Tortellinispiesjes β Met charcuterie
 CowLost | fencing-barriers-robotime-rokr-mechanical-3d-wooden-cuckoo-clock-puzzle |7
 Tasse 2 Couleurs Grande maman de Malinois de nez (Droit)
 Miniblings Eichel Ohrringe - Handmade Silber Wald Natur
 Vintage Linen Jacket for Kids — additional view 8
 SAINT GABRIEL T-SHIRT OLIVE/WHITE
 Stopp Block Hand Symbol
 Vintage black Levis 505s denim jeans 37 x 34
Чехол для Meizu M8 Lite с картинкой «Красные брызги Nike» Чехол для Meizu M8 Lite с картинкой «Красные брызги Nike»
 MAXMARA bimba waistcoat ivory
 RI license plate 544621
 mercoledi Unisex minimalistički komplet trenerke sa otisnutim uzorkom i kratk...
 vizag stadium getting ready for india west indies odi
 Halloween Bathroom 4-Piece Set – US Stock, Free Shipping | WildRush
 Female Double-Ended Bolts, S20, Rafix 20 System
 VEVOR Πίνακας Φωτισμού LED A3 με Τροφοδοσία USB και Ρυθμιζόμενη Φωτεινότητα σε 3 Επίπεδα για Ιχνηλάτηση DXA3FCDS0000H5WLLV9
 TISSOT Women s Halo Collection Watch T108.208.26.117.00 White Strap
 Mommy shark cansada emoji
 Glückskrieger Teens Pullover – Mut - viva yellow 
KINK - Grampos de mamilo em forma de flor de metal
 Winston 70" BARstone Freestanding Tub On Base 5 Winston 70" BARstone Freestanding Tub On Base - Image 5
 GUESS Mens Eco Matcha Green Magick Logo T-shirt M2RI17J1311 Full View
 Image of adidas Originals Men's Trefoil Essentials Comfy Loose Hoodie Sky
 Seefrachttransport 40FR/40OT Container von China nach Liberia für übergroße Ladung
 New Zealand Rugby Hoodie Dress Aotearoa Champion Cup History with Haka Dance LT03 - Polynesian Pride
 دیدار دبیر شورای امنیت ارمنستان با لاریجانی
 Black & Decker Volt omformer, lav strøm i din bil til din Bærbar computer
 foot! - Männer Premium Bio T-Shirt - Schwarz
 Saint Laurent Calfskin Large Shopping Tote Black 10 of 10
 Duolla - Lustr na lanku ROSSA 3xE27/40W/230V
====
• REQUIRED ACTION:
The entries shown above should be copied out word for word.

• RESULT OF THE EXERCISE:
Tortellinispiesjes β Met charcuterie
 CowLost | fencing-barriers-robotime-rokr-mechanical-3d-wooden-cuckoo-clock-puzzle |7
 Tasse 2 Couleurs Grande maman de Malinois de nez (Droit)
 Miniblings Eichel Ohrringe - Handmade Silber Wald Natur
 Vintage Linen Jacket for Kids — additional view 8
 SAINT GABRIEL T-SHIRT OLIVE/WHITE
 Stopp Block Hand Symbol
 Vintage black Levis 505s denim jeans 37 x 34
Чехол для Meizu M8 Lite с картинкой «Красные брызги Nike» Чехол для Meizu M8 Lite с картинкой «Красные брызги Nike»
 MAXMARA bimba waistcoat ivory
 RI license plate 544621
 mercoledi Unisex minimalistički komplet trenerke sa otisnutim uzorkom i kratk...
 vizag stadium getting ready for india west indies odi
 Halloween Bathroom 4-Piece Set – US Stock, Free Shipping | WildRush
 Female Double-Ended Bolts, S20, Rafix 20 System
 VEVOR Πίνακας Φωτισμού LED A3 με Τροφοδοσία USB και Ρυθμιζόμενη Φωτεινότητα σε 3 Επίπεδα για Ιχνηλάτηση DXA3FCDS0000H5WLLV9
 TISSOT Women s Halo Collection Watch T108.208.26.117.00 White Strap
 Mommy shark cansada emoji
 Glückskrieger Teens Pullover – Mut - viva yellow 
KINK - Grampos de mamilo em forma de flor de metal
 Winston 70" BARstone Freestanding Tub On Base 5 Winston 70" BARstone Freestanding Tub On Base - Image 5
 GUESS Mens Eco Matcha Green Magick Logo T-shirt M2RI17J1311 Full View
 Image of adidas Originals Men's Trefoil Essentials Comfy Loose Hoodie Sky
 Seefrachttransport 40FR/40OT Container von China nach Liberia für übergroße Ladung
 New Zealand Rugby Hoodie Dress Aotearoa Champion Cup History with Haka Dance LT03 - Polynesian Pride
 دیدار دبیر شورای امنیت ارمنستان با لاریجانی
 Black & Decker Volt omformer, lav strøm i din bil til din Bærbar computer
 foot! - Männer Premium Bio T-Shirt - Schwarz
 Saint Laurent Calfskin Large Shopping Tote Black 10 of 10
 Duolla - Lustr na lanku ROSSA 3xE27/40W/230V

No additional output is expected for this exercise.